Three months before the year’s close, 2025 is emerging as one of the darkest years yet for the cryptocurrency industry. Criminal groups and hackers have siphoned off $2.34 billion from digital asset platforms and investors—already surpassing last year’s tally by 35 percent—even as the overall number of scams has dropped sharply.
The paradox underscores a sobering reality: scams are becoming fewer but far more sophisticated, with single attacks now capable of inflicting more damage than dozens of smaller ones.
Data compiled by the analytics firm CryptoPresales.com shows that reported scams and thefts have fallen by half this year, even as the total amount stolen has soared. That makes 2025 the third costliest year on record for crypto crime, trailing only 2021 and 2022, when losses reached $2.73 billion and $3.54 billion.
One incident alone accounted for nearly 60 percent of this year’s losses. In February, hackers drained $1.46 billion from Ethereum wallets held by Bybit, a Dubai-based exchange. While the company has not disclosed who was behind the breach, cybersecurity researchers say the scale and precision of the theft bore hallmarks of North Korea’s Lazarus Group, long accused of financing the country’s weapons program through cybercrime.
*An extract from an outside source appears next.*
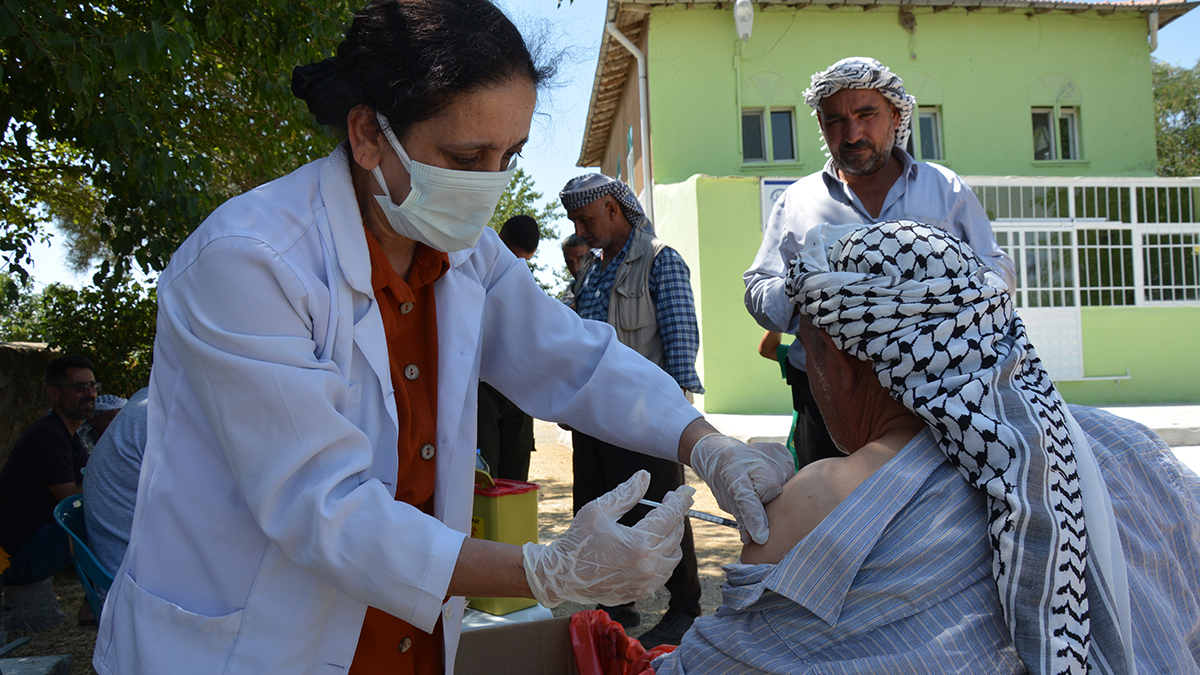 Bakan Koca son 24 saatte yapılan aşıyı açıkladı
The broader trend is equally alarming. In 2023, scammers carried out a record 283 attacks, stealing $1.74 billion. The number of incidents fell by a third to 187 last year, with roughly the same losses. This year, the count has plunged to just 83 reported cases—the lowest since 2020. But the average haul per heist has ballooned.
“Since the beginning of the year, there have been 83 reported cases, 2.2 times less than in the entire 2024, and the lowest figure since 2020. However, the total amount of stolen money jumped to $2.34 billion. Nearly 60% of that value was stolen in just one scam,” says the report. “In February, Dubai-based centralized exchange Bybit was hit by an attack that stole record-breaking $1.46 billion from its ETH cold wallets. The attack, rumored to have been carried out by North Korea’s Lazarus Group, is the largest crypto crime on record.”
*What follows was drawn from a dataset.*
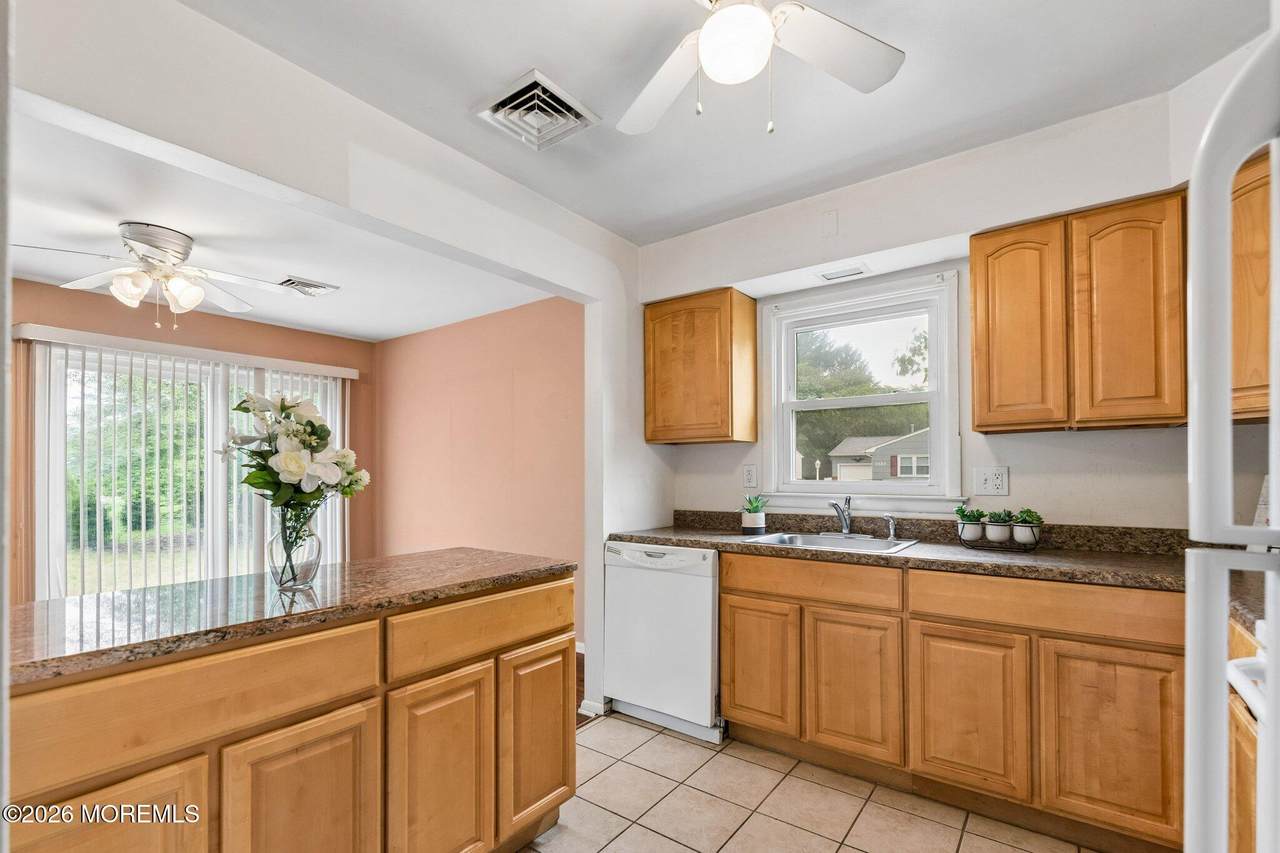 2 Sutherland Court - Photo 1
The cumulative toll is staggering. Since the early days of Bitcoin, criminals have stolen more than $15 billion across some 1,100 reported heists, according to industry tallies. Nearly 80 percent of that total has been taken in the last five years alone. If the stolen tokens had been held rather than laundered or liquidated, their value today would exceed $50 billion.
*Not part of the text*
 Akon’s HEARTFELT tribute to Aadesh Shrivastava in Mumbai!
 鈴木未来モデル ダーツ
For regulators and the crypto industry alike, the trend poses a renewed challenge. Governments have tightened rules around exchanges, and blockchain analytics firms have grown more adept at tracing stolen funds. Yet cybercriminals remain a step ahead, exploiting vulnerabilities in emerging protocols and overwhelming firms’ defenses.
With the year not yet over, analysts warn that 2025 could still set a new record.